Notice that I have added a fieldname attribute as a reference to make the XML more humanly readable.

The Importer is pretty straightforward:

Example:

namespace Globalization
{
    using Sitecore.Data;
    using Sitecore.Data.Fields;
    using Sitecore.Data.Items;
    using Sitecore.Globalization;
    using Sitecore.Jobs;
    using Sitecore.Xml;
    using System.Collections.Generic;
    using System.Linq;
    using System.Xml;
    using Sitecore;
    public class CustomImporter
    {
        Database database;
        string filename;
        IEnumerable<Language> languages;
        public CustomImporter(
            Database database,
            IEnumerable<Language>  
            languages, 
            string filename
        )
        {
            this.database = database;
            this.languages = languages;
            this.filename = filename;
        }
        public void Run()
        {
            Job job = Context.Job;
            if (job == null)
                return;
            XmlNodeList phrases = 
                XmlUtil.LoadXmlFile(filename).
                SelectNodes(“/sitecore/phrase”);
            if (phrases == null)
                return;
            job.Status.Total = phrases.Count;
            foreach (XmlNode phrase in phrases)
            {
                ImportPhrase(phrase);
                ++job.Status.Processed;
            }
            job.Status.State = JobState.Finished;
        }
        public void ImportPhrase(XmlNode phrase)
        {
            var itemid = 
                ID.Parse(XmlUtil.GetAttribute("itemid", phrase));
            var fieldid = 
                ID.Parse(XmlUtil.GetAttribute("fieldid", phrase));
            Item item = database.GetItem(itemid);
            if (item == null)
                return;
            foreach (XmlNode childNode in phrase.ChildNodes)
            {
                var language = Language.Parse(childNode.LocalName);
                if (languages.Contains(language))
                {
                    Item languageItem = 
                        item.Database.GetItem(item.ID, language);
                    Field field = languageItem?.Fields[fieldid];
                    if (field != null && field.ShouldBeTranslated)
                    {
                        string value = XmlUtil.GetValue(childNode);
                        if (field.GetValue(false, false) != value)
                        {
                            languageItem.Editing.BeginEdit();
                            field.SetValue(value, true);
                            languageItem.Editing.EndEdit();
                        }
                    }
                }
            }
        }
    }
}

As you can see, once you have patched the language forms it is actually pretty simple to provide your own implementation of a language file format.
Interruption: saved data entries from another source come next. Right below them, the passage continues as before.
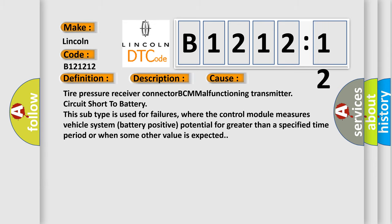This diagnostic error occurs most often in these cases: tire pressure receiver connector BCM malfunctioning transmitter, circuit short to battery. This subtype is used for failures where the control module measures vehicle system battery positive potential for greater than a specified time period or when some other value is expected.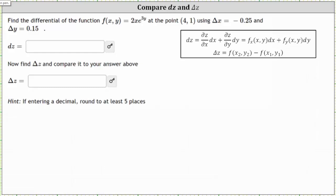We're asked to find the differential of the function f(x, y), specifically differential z at the point (4, 1) using delta x equals negative 0.25 and delta y equals 0.5. Differential z will measure the change of z along the tangent plane, then we'll compare this to delta z, which is the true change in z using the actual function.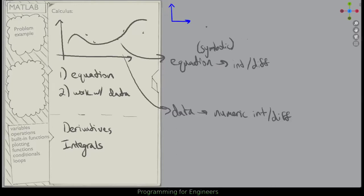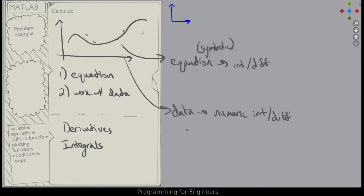There are lots of reasons why you wouldn't want to convert your data to a curve. Some we've talked about before, but there's a lot of information lost. Maybe you don't know what curve fits, or it's just such a long string of data that you can't really fit a curve to it. You could fit several curves with break points, but that gets complicated. So you could just go the numeric route.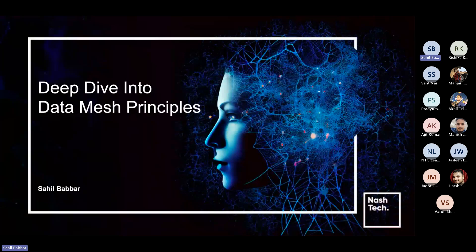Hi everyone, I'm Saal Babar, working as a software consultant in Java competency, and I'm here to present a session on data mesh principles. We will be going to deep dive into the principles of the data mesh. I hope you guys are excited.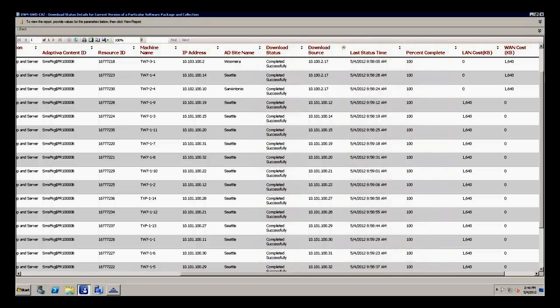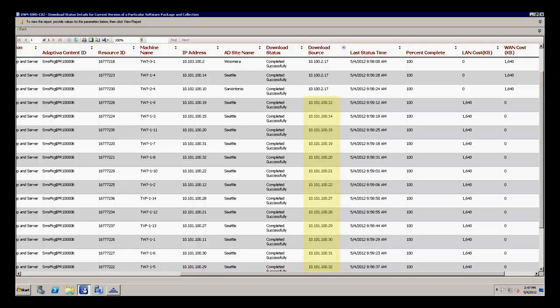Next, note that a single client from each subnet was dynamically elected to retrieve content across the WAN from a peer in the central office. These peers, in turn, delivered content to a single other peer in their local subnets. Finally, for the clients in the largest subnet, 101, and part of the Seattle Active Directory site, the Download Source column shows the daisy chain that formed among the peers to deliver the content.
Notice that I am using the build-in property ShouldBeTranslated to determine which fields to include in the language file. This excludes most of the system fields but may be adjusted to suit your specific needs.

Translating content is often a rather complex task and developing a good routine is often paramount in order to get the job done — and properly. I hope this post has clarified to you how Sitecore can support this routine. And while language files may not be a silver bullet this is certainly an option that we use a lot.

Please note that the code examples have been written using Sitecore 9.0.2.